Amid quite a bit of fan-fare and no little amount of paper shuffling, the compost worms arrived about 3 weeks ago to begin their job of munching their way through vast quantities of organic waste, and reproducing ad infinitum....hopefully. This project would have been in no way possible without efforts on both the Australian side and the Egyptian end, particularly the Ministry of Agriculture and Land Reclamation. Contrary to the popular opinion that working with government results in going nowhere fast, the clearance papers were drummed up in less than 2 days, when the Australian Quarantine people requested more than my verbal declaration that "it was all organised in Egypt, no problem" to export the worms, and in less than 2 days of arrival the worms had cleared Egyptian quarantine, albeit with over one hundred signatures accompanying their release!
It might however, have been better, if the worms had not made it quite so quickly out of quarantine....The first evening the worm bed was attacked by a pack of dogs, so on arrival in the morning there were large quantities of dried out worms dispersed dead or dying in the pit that had been constructed. We rescued the remaining worms and built them the equivalent of a brick barbecue about a metre high, 1 wide and about 2 metres long, covered during daylight hours with recycled white foam trays, and during the evening with an old cast-iron piece of fencing that needed four people to shift.
The iron grid proved sufficient to keep the dogs at bay, however meant that at least 4 people had to be about every morning to check on the worms. So after a week of heaving iron, an less heavy 2-person dark green cover was located. Very good in theory, until the day that nobody checked on the worms and the temperatures hit 35 degrees. As luck would have it, I had also put in a sprinkling of lovely new rabbit droppings the night before. The ammonia sky-rocketed, the worms dived, and the top surface layers of the bed were hot enough to cook an egg.....needless to say that meant a few more worms expired. A lesson in the dynamics of solar energy!
Happily, yesterday we achieved our first bed separation - the worm numbers have outgrown their original bed so we created three new beds and 3 breeding beds. The only problem is the breeding beds are only 10cm high, and tomorrow's temperatures are expected to top 40 degrees! Looks like I won't be staying that long at the Earth Day event....
Earth Day here in Egypt is sponsored by CSA who kindly have agreed to a display of worms and a demonstration on how to green your roof and produce your own food, using recycled material to create a rooftop or balcony garden. Naturally, worm castings and worm tea form the basis for the plants' food.
We have also included some 20 odd tips for how to reduce, reuse, recycle and recover energy from household waste, for visitors to the Earth Day Event to take home and place somewhere prominent in their dwellings.
The EEAA proposal is still just that - a proposal. It seems we need at least two agencies to sit together, and trying to get either to first pick up the phone to make the appointment is easier said than done. So efforts have been directed to helping existing community based waste management efforts, by either locating low cost technology for recycling the nasties such as plastic and cigarette butts, in ways which are environmentally friendly and result in more energy output than input to convert, as well as training in worm husbandry!
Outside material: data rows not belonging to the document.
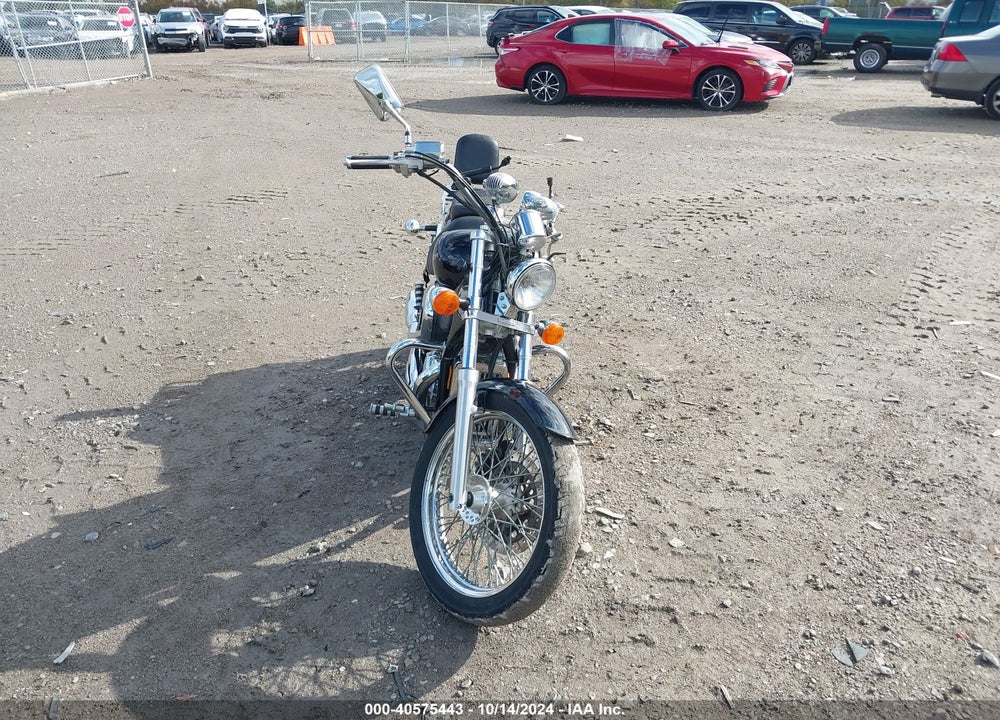 2004 HONDA VT600 CD VIN: JH2PC21324M501603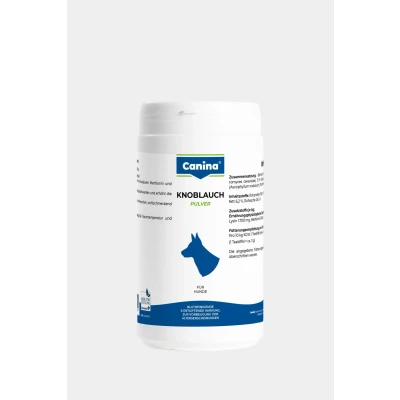 Abbildung von Canina Knoblauch Pulver 700g
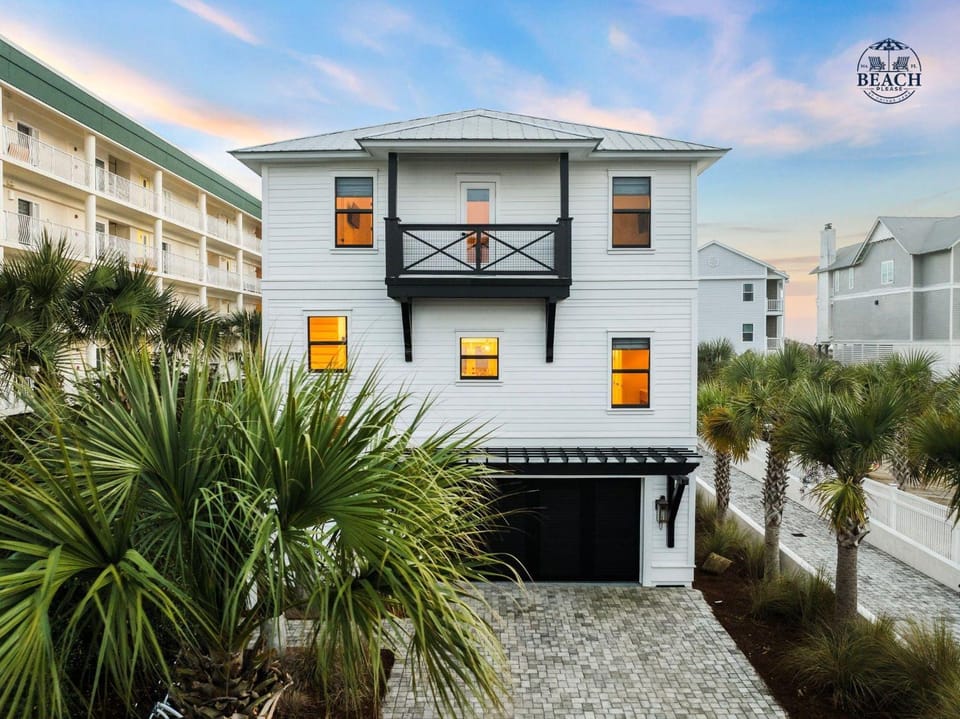 Beach,Please House in Inlet Beach
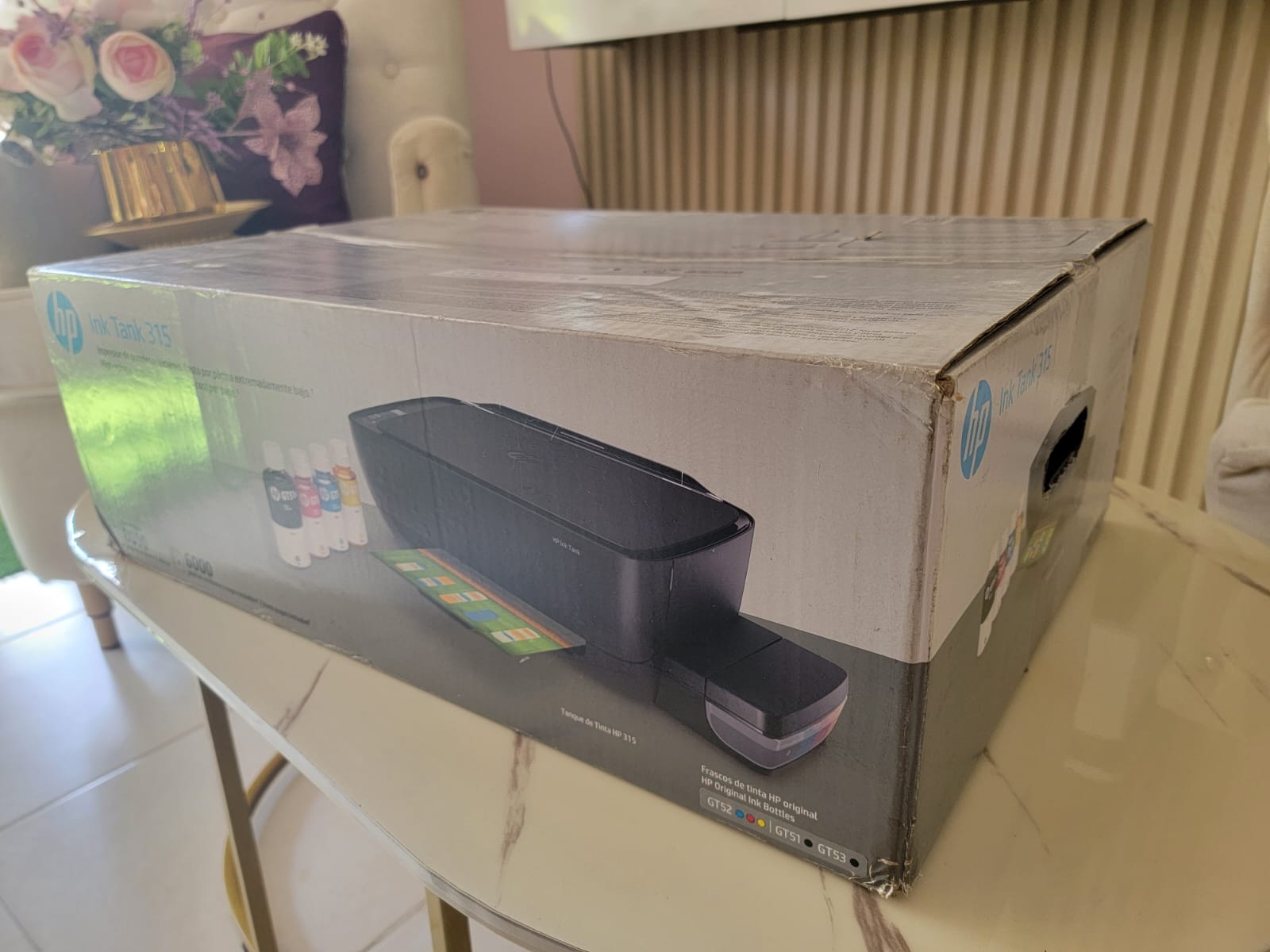 impresoras y scanners - HP Tank 315 2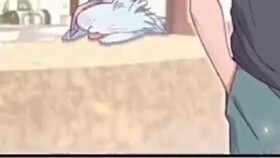 The monkeys are so creative in sending the drunk dragon home
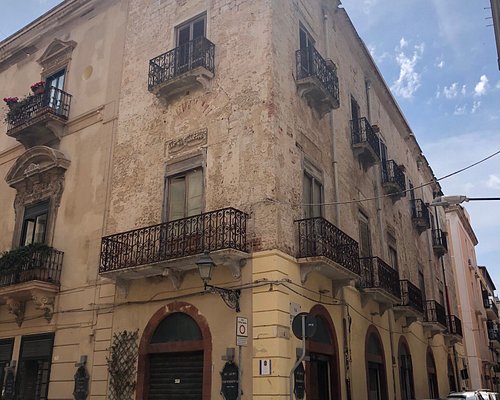 Palazzo Guajana, Trapani – Updated 2024 Prices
We are also to begin making expanded clay from ground brown glass, and bricks from plastic. A bone-grinder is due to arrive in the next few weeks in which to crush these materials. GTZ, the Geman arm of technology transfer, funded a project in Argentina on producing plastic bricks, and have agreed to pass on the technology - hopefully soon. We will start experimenting anyway!
Meetings with larger corporations on how to improve energy efficiency and achieve zero waste have been progressing very well. There is a lot of enthusiasm at the corporate level to go "green" especially if it makes economic sense.
Wadi Environmental Sciences Centre, a non profit organisation which runs hands-on science based experiments to help children better understand environmental impacts, is presenting World Environment Day with the British Council, based around 6 topics including Air, Water, Health under the theme "Kick the Habit". Collaboration has been going well, with lots of ideas for hands-on activities during the day being generated.
What can you do with your left-over plastic bags? Here are some ideas:
1. Iron the bags together between two sheets of paper until about 8 layers thick. When you have about 1 metre square of "material" cut a hole for your head and hey presto, a rain poncho.
2. Cut the grips of the plastic bag and open it out into one piece. Fold over and roll into a long tube. Cut 1cm strips from the tube and tie the ends together. Wrap this "twine" around an old toilet paper roll, and knit or crochet into a place mat, carry bag, even sandals.